Friday, November 6, 2009

Encounter is the solution in waziristan

To overwhelm the Taliban, Islamabad needs to learn from the mistakes the British, Soviets and Americans made in Waziristan. For an unstable Pakistan, it’s now or never...

Much has been written about how and why Waziristan and Afghanistan turned into valleys of death for invaders. In 1920 a British brigade was decimated in Waziristan losing 400 soldiers, including 28 British and 15 Indian officers.

Since 9/11, the Pakistan Army has made several forays into Waziristan but each time it failed to achieve its objectives. In December 1979, the Soviets occupied Afghanistan. But it didn’t take them long to realize that it was far more difficult to withdraw than it was to come in.

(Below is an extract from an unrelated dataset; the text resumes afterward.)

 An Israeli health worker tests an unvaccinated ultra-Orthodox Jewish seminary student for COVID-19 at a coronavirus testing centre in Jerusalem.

Then the Americans came and occupied Afghanistan. Eight years on they too have discovered this cardinal truth. History supports much of what has been written. Pakistan has taken a fateful decision; it has chosen to defy history. After months of the softening up of targets, the ground operation began this month. The strategy employed seeks to capture the ‘critical space’ of the guerrillas in the triangle formed by Makeen-Ladha-Sararogha by advancing on it from three directions, then undertaking mopping-up operations.

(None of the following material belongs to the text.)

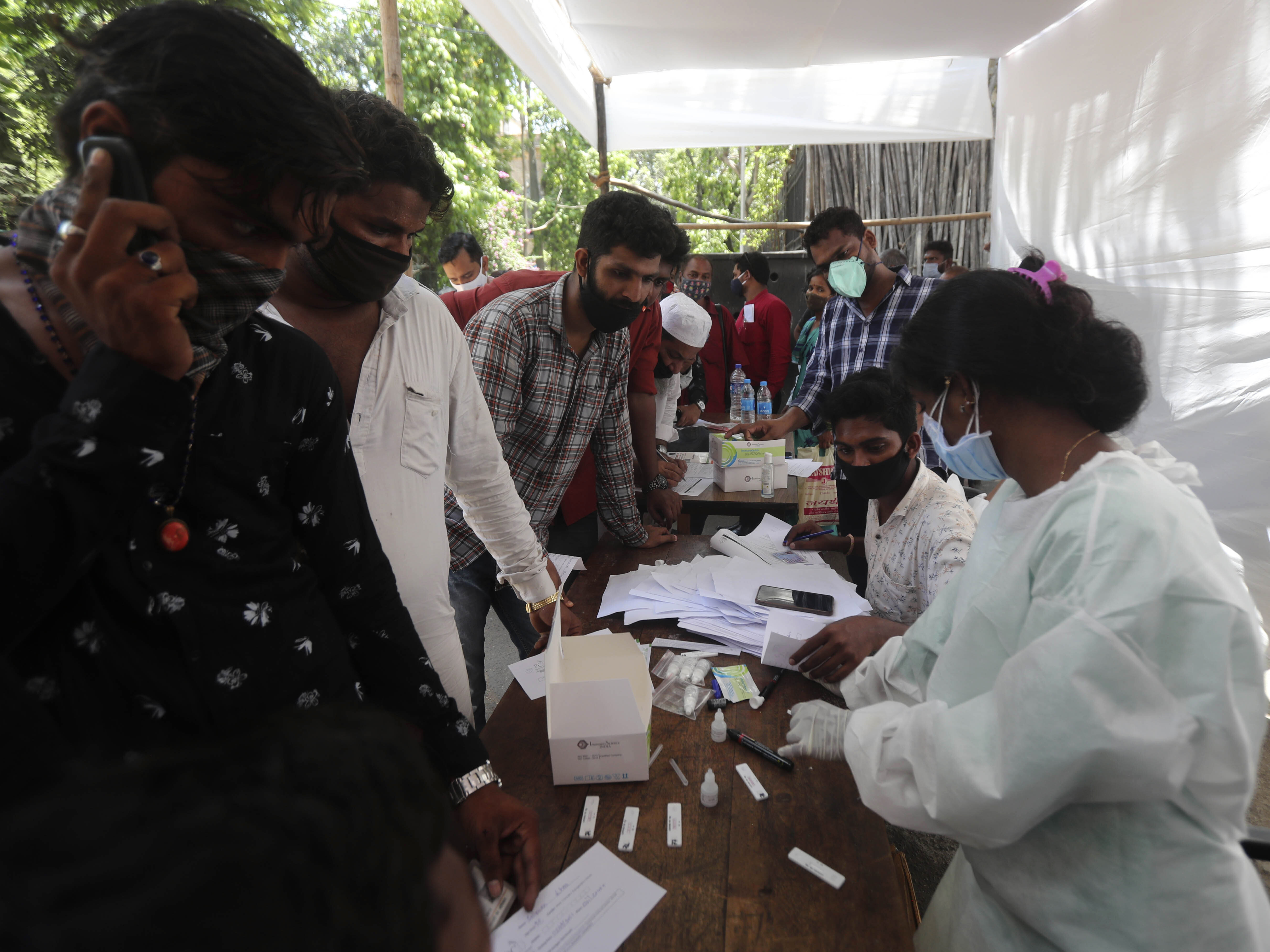 caption: People wait for coronavirus test outside a court in Mumbai on Monday as India reported its biggest single-day spike in confirmed coronavirus cases since the pandemic began.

This strategy may well succeed depending on what is perceived as success. Would it be the occupation of spaces under Mehsud’s control? Or would it be the elimination of Hakeemullah’s Tehreek-e-Taliban Pakistan (TTP)? In a conventional war, occupation of enemy territory constitutes success; in counter-insurgency, elimination. Unless the occupation of TTP spaces also leads to their elimination, the army would inevitably be drawn into a protracted guerrilla war of the kind that the Soviets fought and lost, and the Americans are fighting and losing.

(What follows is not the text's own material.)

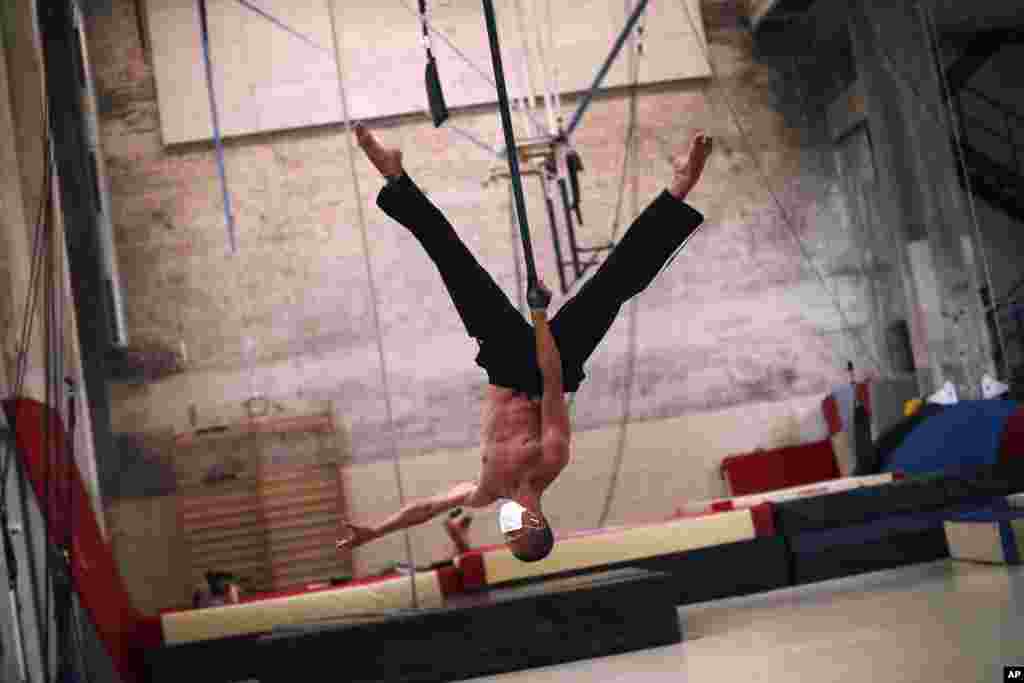 Chinese student Ting Kuan Zhao, wearing a face mask to fight against the spread of the coronavirus, works out at the Superior School of Circus (ESAC) in Brussels, Belgium.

Time and space are of the essence for an army, both in a conventional and an unconventional war. For the guerrillas they are not as they keep moving from one location to another, striking not one large blow but a number of small blows in different directions to make the army bleed from a thousand cuts; they avoid pitched battles unless the terrain favours them. Otherwise they give away space by design to fight another day. This is what their counterparts in Afghanistan did when thousands of US Marines landed in Helmand River valley in a pre-dawn assault recently. The guerrillas simply withdrew into the mountains, and then returned to devastate the invaders with hit-and-run attacks that forced Gen McChrystal to demand 40,000 more troops or else face defeat within a year.

The only spatial situation the guerrillas fear is when they are denied access to their safe havens in the mountains and areas adjoining the theatre, and when they know that after hitting, they cannot run. A situation such as this creates a choking effect. If the Soviets had blocked the Durand Line on their side to prevent crossborder movement, the Mujahideen in Afghanistan would have been isolated from their handlers and logistics based in Pakistan. The Soviet forces had become victims of their general staff’s lack of strategic vision.

The Americans, too, made the same mistake. If they too had secured the Durand Line on their side prior to launching their air-bombing campaign, the Taliban fighters, tormenting them for the last eight years, would not have been able to slip away into Pakistan. Instead of correcting their strategy, they have chosen to blame Pakistan for their failure.

It remains to be seen whether the strategy under which the ground operation was launched will succeed in creating a situation where the guerrillas are subjected to progressive choking and elimination. The advance from three directions is reminiscent of the ‘advance to contact’ operation of a conventional war. It is a set piece and slow operation, hence predictable, and any strategy or tactics that can be predicted can be countered.

In an unconventional war, it is the army’s unconventional strategy that usually succeeds as it carries the all important element of surprise. Thus, one such strategy, though risky, as all such strategies are, comes close to meeting this requirement. Under it the theatre of operations is isolated during the preparatory phase to prevent the guerrillas from making ingress into it or exit from it.

The ground operation is then opened by seizing the heights that dominate Makeen, Ladha and Sararogha by heliborne troops under suppressive fire by gunships, artillery and F-16 s. In Phase 2, waves of helicopters land more troops while the force employed to isolate the theatre moves forward. In Phase 3, as more troops are landed, Makeen, Ladha and Sararogha are attacked. In Phase 4, the troops attack outwards with the troops of the isolating force moving inwards. A stage is then reached where the noose is finally tightened.